Look below for the line containing "this 600×450 image."; from there, print each line exactly up to and including the line containing "this 1280×672 image.", and stop.

(Beginning of SOURCE MATERIAL)

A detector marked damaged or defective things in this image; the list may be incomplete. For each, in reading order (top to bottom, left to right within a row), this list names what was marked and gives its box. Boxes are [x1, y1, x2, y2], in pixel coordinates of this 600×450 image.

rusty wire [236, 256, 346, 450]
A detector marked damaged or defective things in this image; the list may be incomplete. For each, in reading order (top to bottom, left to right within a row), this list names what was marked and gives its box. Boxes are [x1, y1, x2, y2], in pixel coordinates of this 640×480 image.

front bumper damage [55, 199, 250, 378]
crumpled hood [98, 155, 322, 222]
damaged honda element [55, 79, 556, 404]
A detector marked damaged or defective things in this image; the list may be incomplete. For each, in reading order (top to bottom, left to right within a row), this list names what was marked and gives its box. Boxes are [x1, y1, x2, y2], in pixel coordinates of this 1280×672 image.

(End of SOURCE MATERIAL)
(Beginning of SOURCE MATERIAL)

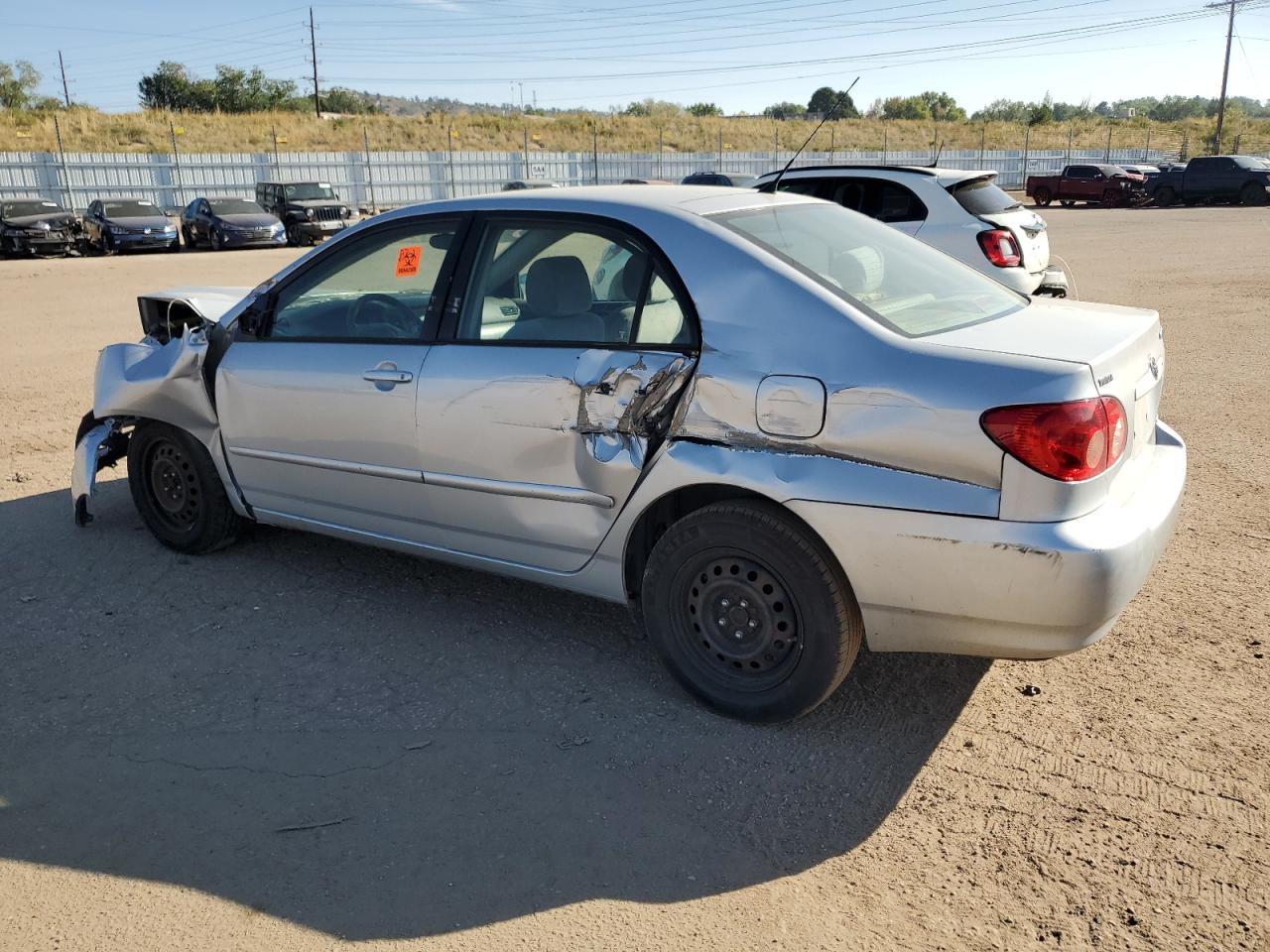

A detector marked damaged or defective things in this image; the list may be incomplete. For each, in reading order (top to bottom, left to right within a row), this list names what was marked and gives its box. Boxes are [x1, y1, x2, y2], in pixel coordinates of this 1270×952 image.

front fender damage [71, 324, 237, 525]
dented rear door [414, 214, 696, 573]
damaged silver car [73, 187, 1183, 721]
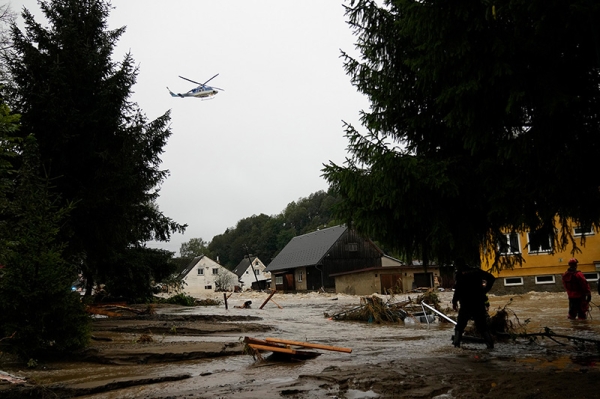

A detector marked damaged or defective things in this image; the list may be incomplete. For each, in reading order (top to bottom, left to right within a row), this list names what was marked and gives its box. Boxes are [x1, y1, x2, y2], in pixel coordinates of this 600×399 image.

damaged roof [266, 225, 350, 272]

(End of SOURCE MATERIAL)

• WRITTEN RESPONSE
A detector marked damaged or defective things in this image; the list may be incomplete. For each, in reading order (top to bottom, left to right within a row), this list names what was marked and gives its box. Boxes are [x1, y1, x2, y2], in pixel coordinates of this 600×450 image.

rusty wire [236, 256, 346, 450]
A detector marked damaged or defective things in this image; the list may be incomplete. For each, in reading order (top to bottom, left to right within a row), this list names what was marked and gives its box. Boxes are [x1, y1, x2, y2], in pixel coordinates of this 640×480 image.

front bumper damage [55, 199, 250, 378]
crumpled hood [98, 155, 322, 222]
damaged honda element [55, 79, 556, 404]
A detector marked damaged or defective things in this image; the list may be incomplete. For each, in reading order (top to bottom, left to right within a row), this list names what was marked and gives its box. Boxes are [x1, y1, x2, y2], in pixel coordinates of this 1280×672 image.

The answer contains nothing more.